EXERCISE :: With the pictures left out, copy the records below exactly from the first line down to the line holding "First up, let's", and include that line.
╭─ RECORDS FOR THE TASK
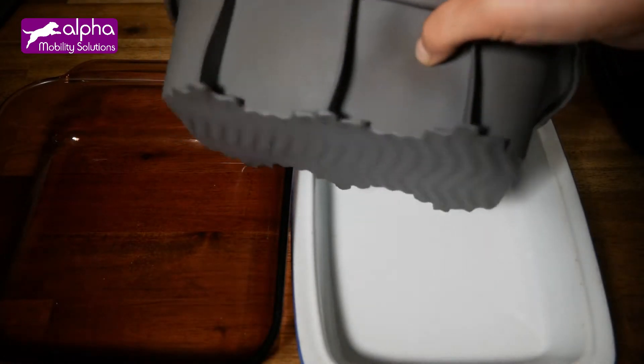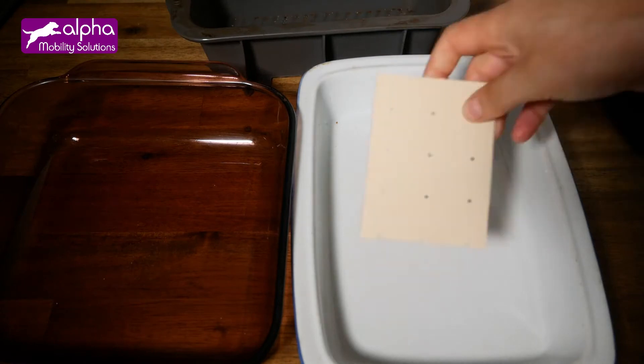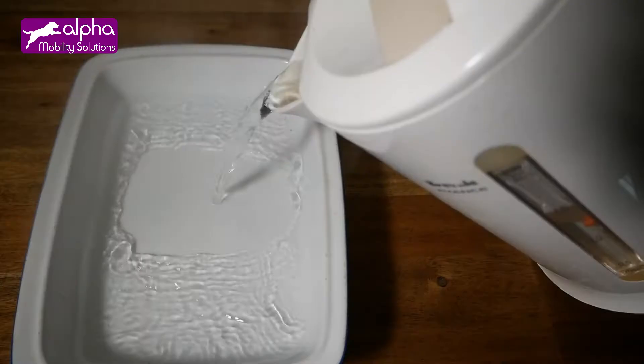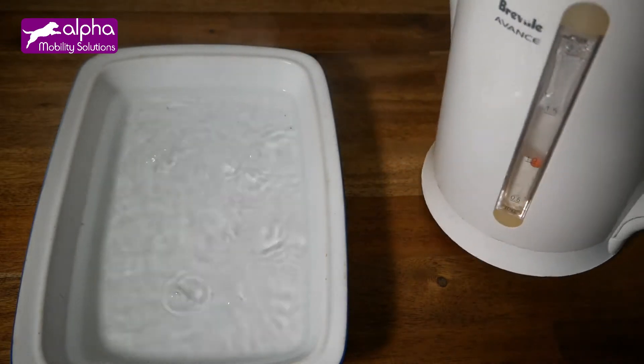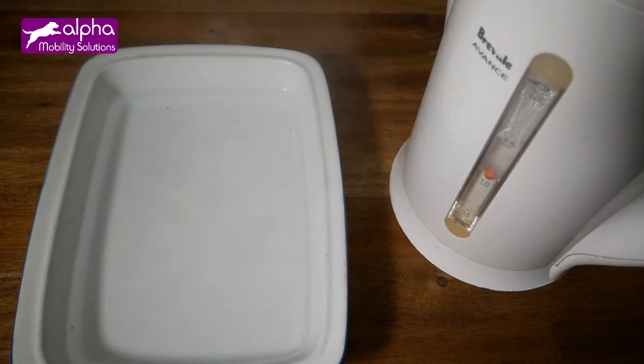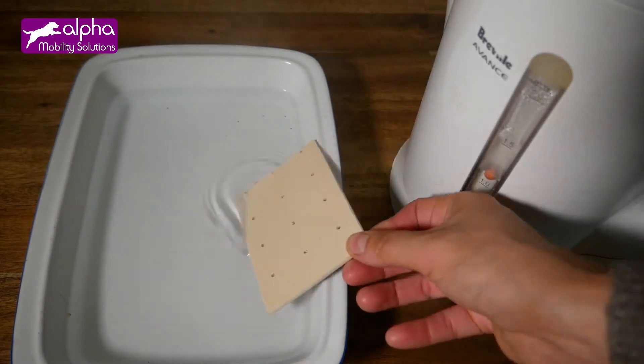Use any oven dish — one that is large enough to contain the size of the sheet. Pour hot water into it and soak the sheet for two to three minutes. The temperature must be at least 71 degrees Celsius. If you use boiling water, be careful not to burn yourself.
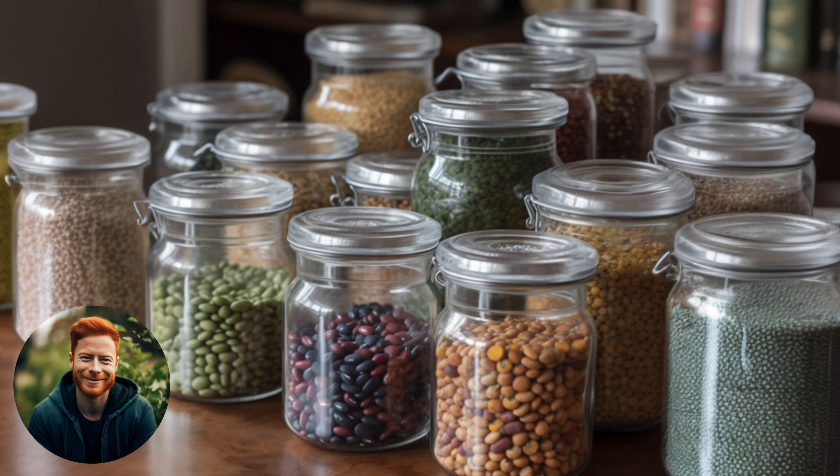First up, let's talk about what you need: mature pea and bean pods from your garden, a dry place for them to finish drying if necessary, and some containers for storing your seeds. Here's our step-by-step guide.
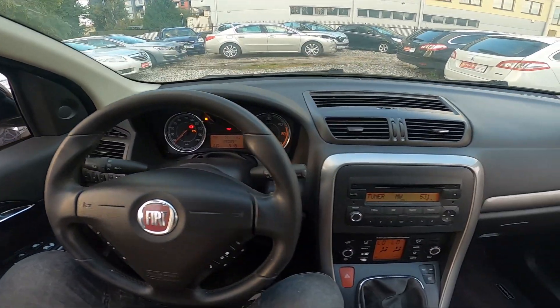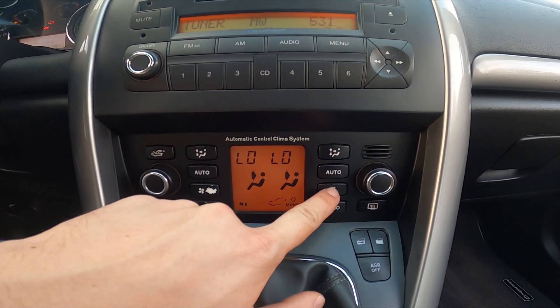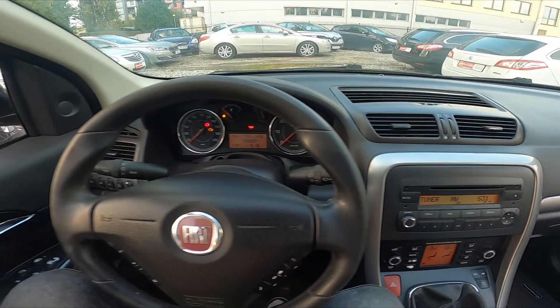To begin, take a look at the center of the car. To enable or disable AC, simply press the snowflake button. And that's basically it.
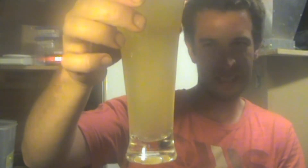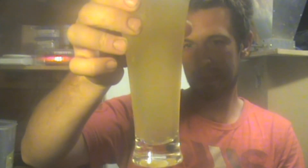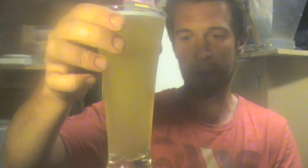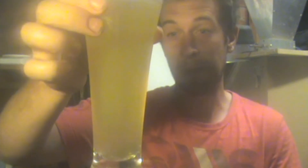Grapefruit, passion fruit. The clarity is bad — it's hazy. It's all grain, it's pretty good. Mine was a little bit hazy like that. It's very pale.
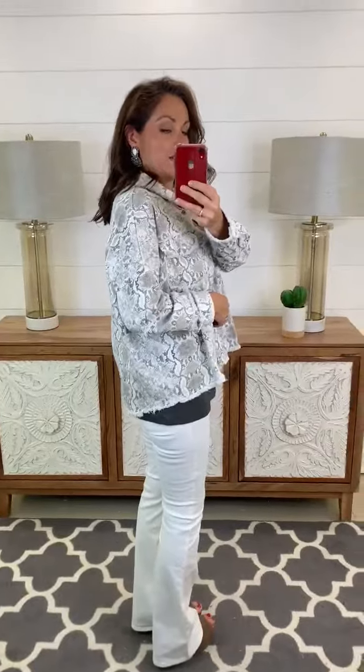I am wearing a small medium in it and it does run big. Don't be afraid to order down in this one if you want to. Keep in mind you want it loose in case you layer underneath it.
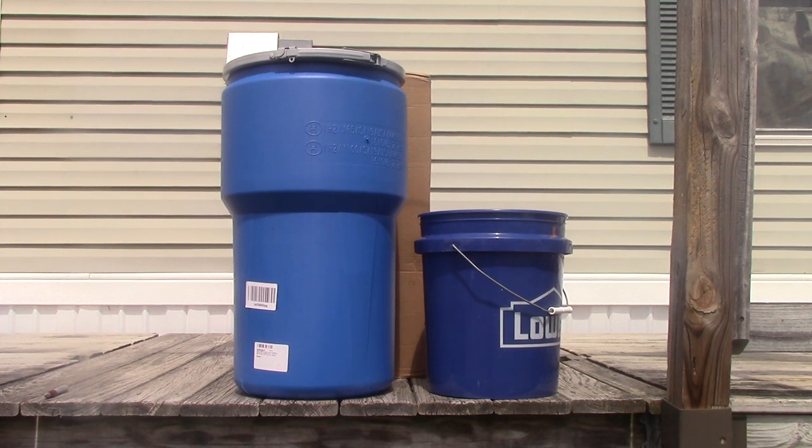Even though I wanted these really bad, I wasn't going to pay $60 for this. Now I've got it at half price — to me, that's reasonable. That's what I'm going for.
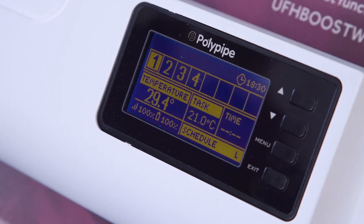You should now be able to see the four zones we set up earlier, and you can control them from your computer wherever you are in the world. For more information, check out www.polypipeufh.com.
╰─
ANSWER TO THIS TASK ::
Use any oven dish — one that is large enough to contain the size of the sheet. Pour hot water into it and soak the sheet for two to three minutes. The temperature must be at least 71 degrees Celsius. If you use boiling water, be careful not to burn yourself.
First up, let's talk about what you need: mature pea and bean pods from your garden, a dry place for them to finish drying if necessary, and some containers for storing your seeds. Here's our step-by-step guide.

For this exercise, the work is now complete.